An easy case is when $\alpha=a^{\frac{1}{n}}$ for some
$a \in {\mathbb Q}$, because the rational multiples of $\mathbb \alpha$
correspond to a subvariety of dimension 1, so that $r=1$ in this case.
 A: The answer "is" that the smallest $r$ is what it is, and what it is could well depend on $\alpha$. Let me also raise the possibility that there might be no simple "formula" relating $r$ to $\alpha$. This in some sense is the "problem" with questions like this ("given some data, compute some number $r$: what 'is' $r$?")---they are not really questions (in my mind, at least). Who knows though, perhaps someone can find some extra structure.

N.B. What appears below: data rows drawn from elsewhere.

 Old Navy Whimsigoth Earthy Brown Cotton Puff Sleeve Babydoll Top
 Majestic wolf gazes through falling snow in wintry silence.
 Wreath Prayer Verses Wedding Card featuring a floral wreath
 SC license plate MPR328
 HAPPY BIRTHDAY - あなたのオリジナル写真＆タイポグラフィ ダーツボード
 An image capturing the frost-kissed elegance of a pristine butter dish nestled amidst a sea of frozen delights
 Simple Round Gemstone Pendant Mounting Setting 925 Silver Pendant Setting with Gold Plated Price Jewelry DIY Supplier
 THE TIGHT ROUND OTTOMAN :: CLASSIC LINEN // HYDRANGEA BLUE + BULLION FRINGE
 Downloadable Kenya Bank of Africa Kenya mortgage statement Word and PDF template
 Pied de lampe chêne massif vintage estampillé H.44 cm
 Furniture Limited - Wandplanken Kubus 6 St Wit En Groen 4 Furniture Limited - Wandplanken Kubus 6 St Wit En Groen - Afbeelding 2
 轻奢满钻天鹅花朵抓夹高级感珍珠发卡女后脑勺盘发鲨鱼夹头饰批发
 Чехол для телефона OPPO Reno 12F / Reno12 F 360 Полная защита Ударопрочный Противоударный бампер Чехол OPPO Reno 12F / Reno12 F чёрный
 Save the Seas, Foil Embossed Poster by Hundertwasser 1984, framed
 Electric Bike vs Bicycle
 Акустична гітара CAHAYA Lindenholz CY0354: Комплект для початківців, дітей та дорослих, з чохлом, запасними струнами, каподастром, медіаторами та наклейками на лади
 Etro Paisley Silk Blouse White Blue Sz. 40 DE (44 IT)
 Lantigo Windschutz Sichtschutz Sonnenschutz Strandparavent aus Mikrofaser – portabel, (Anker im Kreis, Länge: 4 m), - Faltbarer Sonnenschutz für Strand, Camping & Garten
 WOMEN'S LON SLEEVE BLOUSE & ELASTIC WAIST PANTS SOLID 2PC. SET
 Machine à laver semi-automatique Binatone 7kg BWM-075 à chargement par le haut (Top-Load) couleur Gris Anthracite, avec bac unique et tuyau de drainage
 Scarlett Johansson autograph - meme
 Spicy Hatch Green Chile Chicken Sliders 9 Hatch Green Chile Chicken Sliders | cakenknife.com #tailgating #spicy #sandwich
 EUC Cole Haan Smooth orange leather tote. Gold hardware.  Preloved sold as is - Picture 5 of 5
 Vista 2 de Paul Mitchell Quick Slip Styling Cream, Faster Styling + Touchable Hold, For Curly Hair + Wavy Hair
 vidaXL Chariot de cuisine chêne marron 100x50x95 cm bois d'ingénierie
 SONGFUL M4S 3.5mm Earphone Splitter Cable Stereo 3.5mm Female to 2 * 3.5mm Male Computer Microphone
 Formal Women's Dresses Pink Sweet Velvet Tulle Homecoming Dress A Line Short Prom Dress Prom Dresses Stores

For example can one always take $r=1$? That's a proper question ;-) I'd be surprised though!
But on a more positive note let me say that in my (rather long) answer to
Integers not represented by $ 2 x^2 + x y + 3 y^2 + z^3 - z $
I show in passing that if $\alpha$ is a root of $z^3-z+1$ then there are infinitely many integers $C$ such that $z^3-z+C$ is irreducible and has a root in $\mathbf{Q}(\alpha)$, giving a perhaps slightly less trivial example. The integers $C$ are the odd solutions to $27C^2-4=23D^2$ and there are infinitely many of these (the smallest two being 1 and 599).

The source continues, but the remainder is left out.